* _WHAT IS NEEDED_:
Gather the lines from the material that contain "avec".

* _RECORDS FOR THE TASK_:
┌──
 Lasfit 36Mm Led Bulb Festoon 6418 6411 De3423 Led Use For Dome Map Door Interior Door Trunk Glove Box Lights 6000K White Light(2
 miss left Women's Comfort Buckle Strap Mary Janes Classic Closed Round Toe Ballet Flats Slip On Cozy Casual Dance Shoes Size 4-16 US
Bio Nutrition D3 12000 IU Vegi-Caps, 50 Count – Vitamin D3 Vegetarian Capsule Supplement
└──
┌──
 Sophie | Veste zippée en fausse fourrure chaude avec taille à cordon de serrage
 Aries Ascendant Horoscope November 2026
└──
┌──
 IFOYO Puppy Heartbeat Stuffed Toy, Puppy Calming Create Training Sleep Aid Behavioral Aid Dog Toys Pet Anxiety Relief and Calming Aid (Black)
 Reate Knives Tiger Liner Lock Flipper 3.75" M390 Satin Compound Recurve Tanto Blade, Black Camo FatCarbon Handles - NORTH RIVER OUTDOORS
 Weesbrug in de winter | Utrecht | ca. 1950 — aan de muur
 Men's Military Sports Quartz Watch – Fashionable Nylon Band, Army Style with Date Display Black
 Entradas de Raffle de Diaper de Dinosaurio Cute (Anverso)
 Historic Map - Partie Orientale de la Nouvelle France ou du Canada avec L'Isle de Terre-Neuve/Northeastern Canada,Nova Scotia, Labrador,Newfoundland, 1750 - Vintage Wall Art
└──
* _TASK OUTPUT_:
 Sophie | Veste zippée en fausse fourrure chaude avec taille à cordon de serrage
 Historic Map - Partie Orientale de la Nouvelle France ou du Canada avec L'Isle de Terre-Neuve/Northeastern Canada,Nova Scotia, Labrador,Newfoundland, 1750 - Vintage Wall Art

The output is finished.